The I-beam locates the majority of the material as far as possible from the bending axis, and so is a very efficient cross-section. This is why it is so commonly used in construction. In this video we’re going to take a detailed look at the area moment of inertia. Let’s start by seeing how it can be calculated for an arbitrary cross-section like the one shown here. The first thing to note is that the area moment of inertia is not a unique property of a cross-section. It quantifies the resistance to bending about a particular axis, and so its value changes depending on where we place this reference axis.

We can approximate the area moment of inertia of a cross-section by splitting it into small elements. Each element contributes to the total area moment of inertia by a quantity equal to its area dA multiplied by Y^2, where Y is the distance to the reference axis, which is the X axis in this case. We can sum up the values for all of the small elements to obtain the area moment of inertia for the entire cross-section. It is denoted by the letter I, and because the X axis is our reference axis, we will give it the subscript X. We can define the area moment of inertia more precisely using integration, like this. And if the Y axis is our reference axis, we can calculate I-Y in the same way.

The area moment of inertia has the unit of length to the fourth power, and because of the squared term it is always a positive quantity. Let’s work through an example where we calculate the I-X and I-Y values for a rectangular cross-section, using those equations. We can consider that the rectangle is made up of multiple thin strips which each have a height equal to dy.

Each strip has an area equal to b * dy, which gives us the following integral. The limits of the integral are from the bottom to the top of the rectangle, so from negative h over 2, to h over 2. If we solve this definite integral we end up with I-X being equal to b multiplied by h to the power 3, divided by 12. We can obtain the equation for I-Y by switching the height and the width terms. So there you go, we just calculated the area moment of inertia for a rectangular cross-section using integration.

But calculating integrals can be difficult, so to help us out area moment of inertia equations are often provided in reference texts for a range of common shapes. A few examples are shown here. Usually the equations are provided for centroidal axes, which are axes that pass through the centroid of the cross section. Remember that the centroid is the geometric centre of a cross-section. X-C and Y-C are called the centroidal axes. So what do we do if we need to obtain an area moment of inertia equation for an axis that is not a centroidal axis, but it is too difficult to calculate it using integration? Fortunately there is a method we can use to calculate an adjusted area moment of inertia for any axis that is parallel to a centroidal axis, like this one.

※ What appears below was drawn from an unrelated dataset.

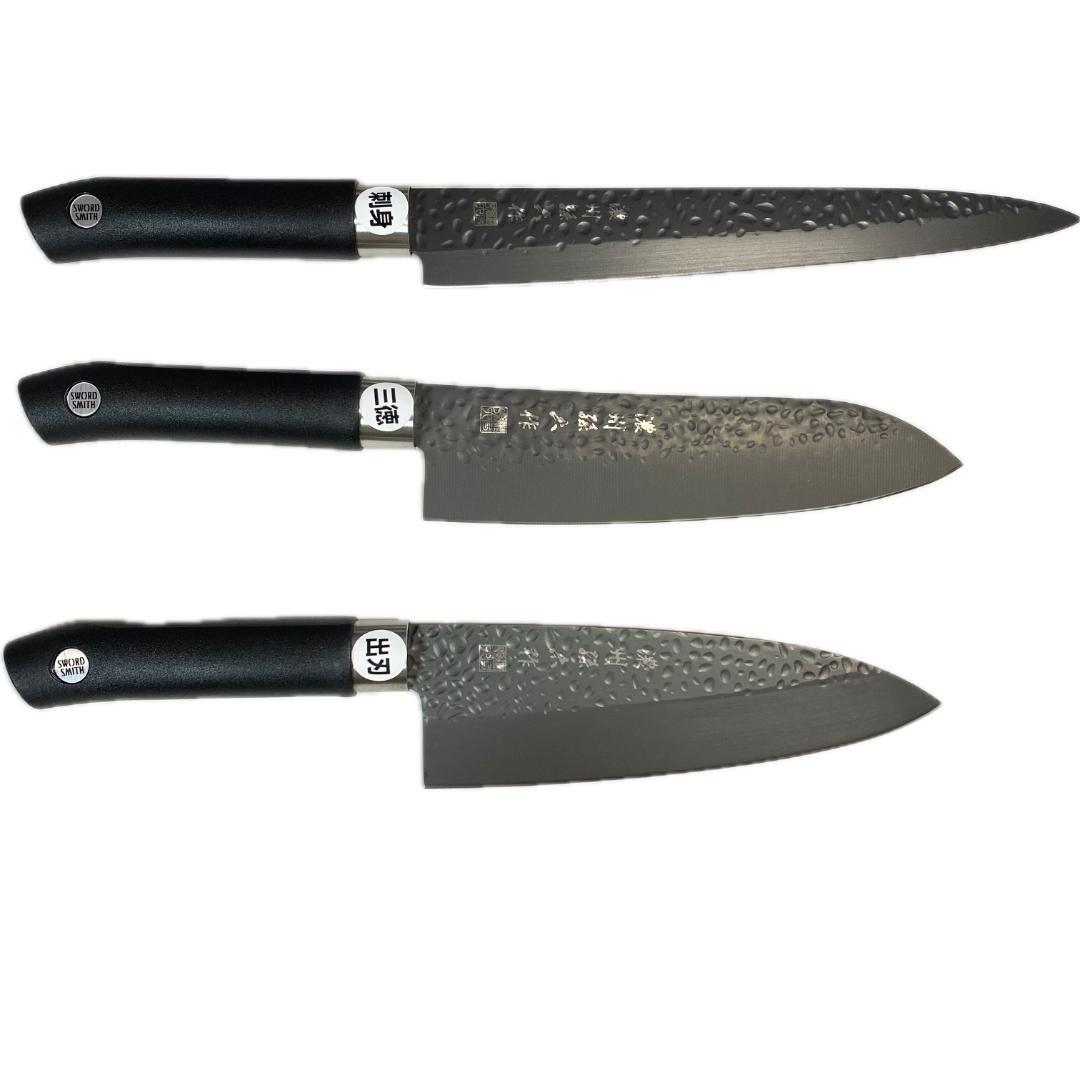 新品♪【関の刃物】 佐竹産業 濃州孫六作 黒打和包丁3本セット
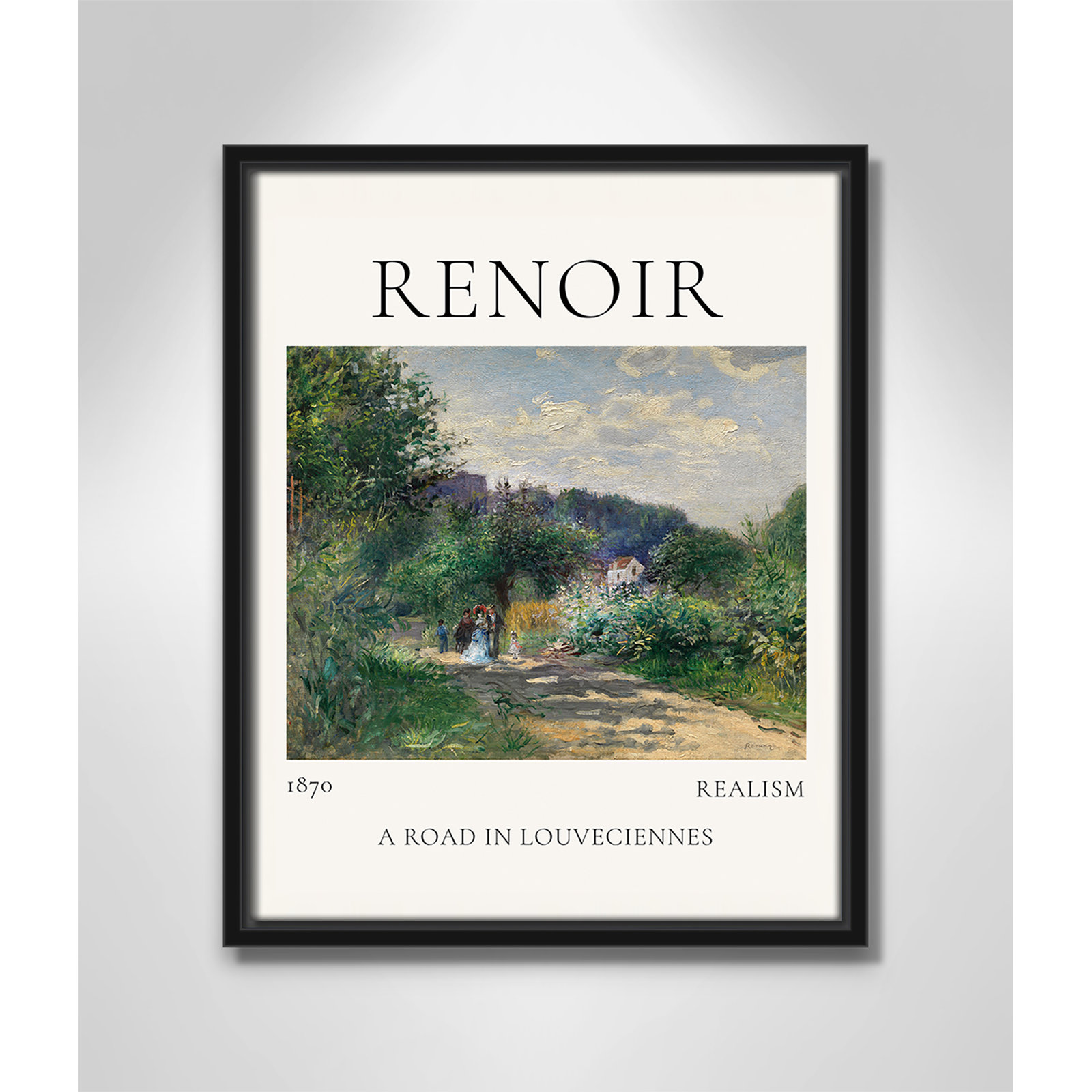 Rocchetto "A Road in Louveciennes" Print, Black Floater Frame, No, 15.5" H x 12.5" W x 2" D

The adjusted area moment of inertia I-X can be calculated by summing the moment of inertia of the centroidal axis, and the product of the cross-sectional area A and the square of distance d between both axes. This is called the parallel axis theorem. It’s useful because we can take the equations found in reference texts for centroidal axes and adjust them to obtain the moments of inertia for any parallel axes.

Let’s look at an example. Earlier we determined an equation for the area moment of inertia of a rectangular cross-section, about an axis passing through the centroid of the rectangle. We can use the parallel axis theorem to calculate I for an axis shifted to the bottom of the cross-section. All we have to do is take the equation for I we derived earlier, and add the area of the rectangle b*h multiplied by the distance h over 2, squared. One useful property of area moments of inertia is that they can be added to and subtracted from each other. This means we can calculate the value of I for a shape like this by taking I for section A and subtracting I for section B.

If we are calculating I based on equations, we need to make sure that the equations we are using correspond to the correct reference axis. In the case of this T section for example, we can’t just add the I values for two rectangles given in a textbook because these equations are for centroidal axes only, and the reference axis doesn’t pass through the centroid of the top rectangle. Fortunately we can use the parallel axis theorem to overcome this. If h and b are the height and the width of the rectangles, the distance between the reference axis and the centroid of rectangle 2 is (h1+h2)/2.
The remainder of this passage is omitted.